The DA has joined the EFF, ANC Veterans League and President Cyril Ramaphosa in expressing their disapproval of activities of the movement led by Nhlanhla “Lux” Dlamini.
Dlamini, listed on the charge sheet as Nhlanhla Mohlauli, is out on bail after being charged with housebreaking and malicious damage to property. He was arrested on Thursday and spent the weekend in police custody after Victor Ramerafe, accompanied by the EFF, opened a case against him at the Dobsonville police station on Wednesday.
Ramerafe’s home was ransacked last week by Operation Dudula members claiming to have received information that he was selling drugs from the premises. No drugs were found in a raid on the premises. Ramerafe said the group damaged his house and stole R300.
Operation Dudula, which was announced in June 2021, has since mushroomed in various parts of the country with its main objective being to root out illegal immigrants.
DA home affairs spokesperson Angel Khanyile said they condemn the “xenophobic rhetoric and subsequent illegality against foreigners in SA that seem part … of Operation Dudula”.
While its mission might be to protect communities, it cannot be “at the expense of foreign nationals who call SA home”.
“The DA understands the frustration faced by marginalised communities, but we do not believe that the appropriate course of action is xenophobia and violence.”
The official opposition believes the actions of Dudula will lead to the violence and unrest similar to that in July 2021 after the incarceration of former president Jacob Zuma. Chaos erupted in Gauteng and KwaZulu-Natal as shops were looted and scores of businesses were damaged. More than 300 people died in the unrest.
“SA cannot afford another bout of widespread riots. Our economy is simply too fragile to withstand the attacks by individuals whose words fan the flames of unrest,” Khanyile said.
She took aim at those whose messages she said stir up tensions against foreign nationals.
“Politicians, individuals and organisations that fan xenophobic flames must face the consequences of their deplorable actions. They will see the country in chaos again only to score cheap political points.

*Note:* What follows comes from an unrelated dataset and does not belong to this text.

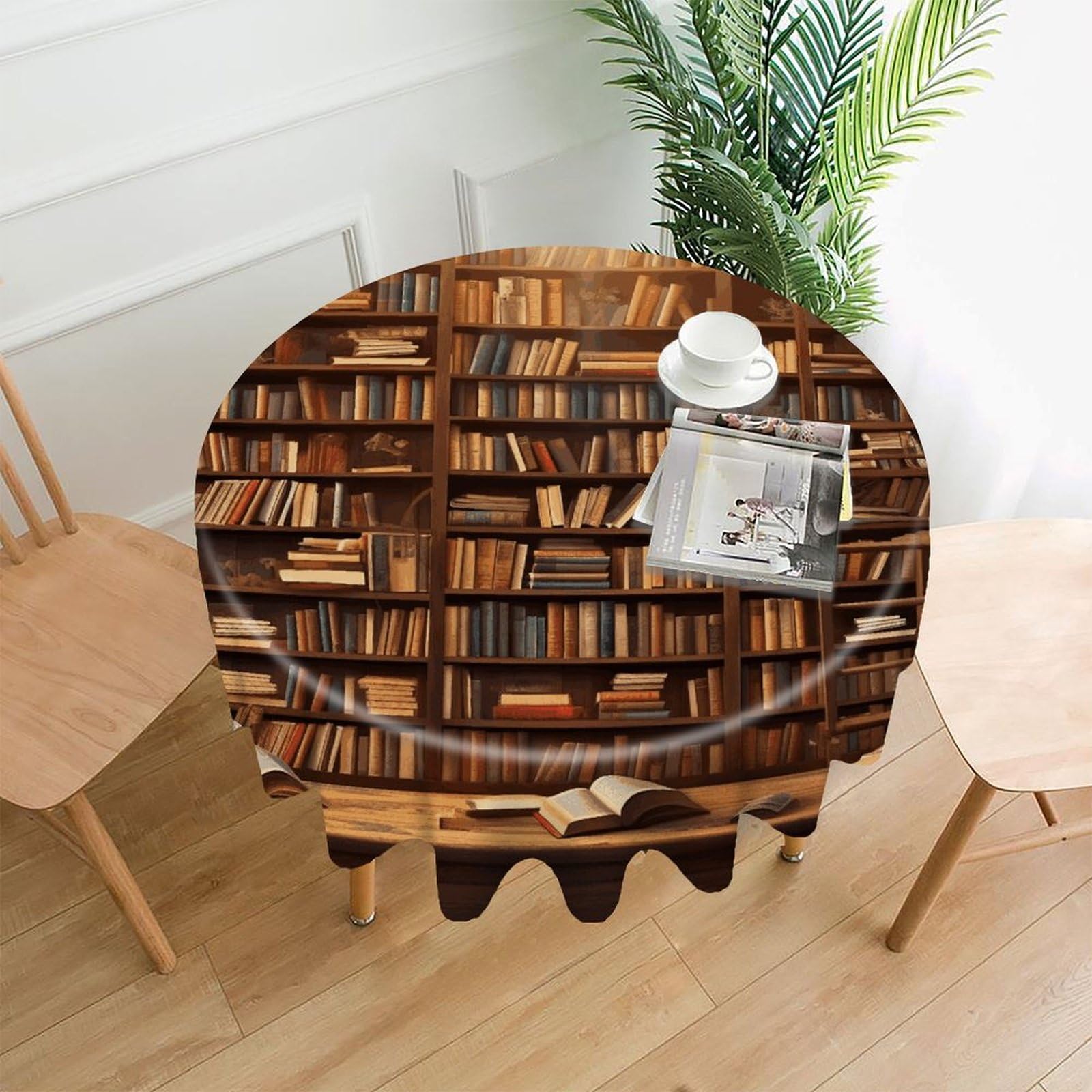 VstaDank Books Table Cloth Fashions Washable Round Tablecloth Decorative Table Cover Comfortable Straight Edge Tablecover for Dining Kitchen Party Outdoor 60 Inch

“Sentiments by political parties like ActionSA, the Patriotic Alliance and the EFF cannot go unchallenged. Blaming foreigners for years of destruction caused by ANC greed and corruption is not only foolish and naive, it is dangerous. It ignores the reality that foreign migrants often create jobs and job opportunities for South Africans,” Khanyile said.
She called for increased support for community policing forums (CPFs) and for the police to foster better relationships with the communities they serve.
Many communities experience the police “only as part of the problem”, she said.
She called for the State Security Agency to monitor the situation closely and for home affairs to “ensure the quick and correct processing of visas and other documentation”.
“SA will not flourish while xenophobia persists and individuals, including some politicians, get away with spouting hatred and intolerance.”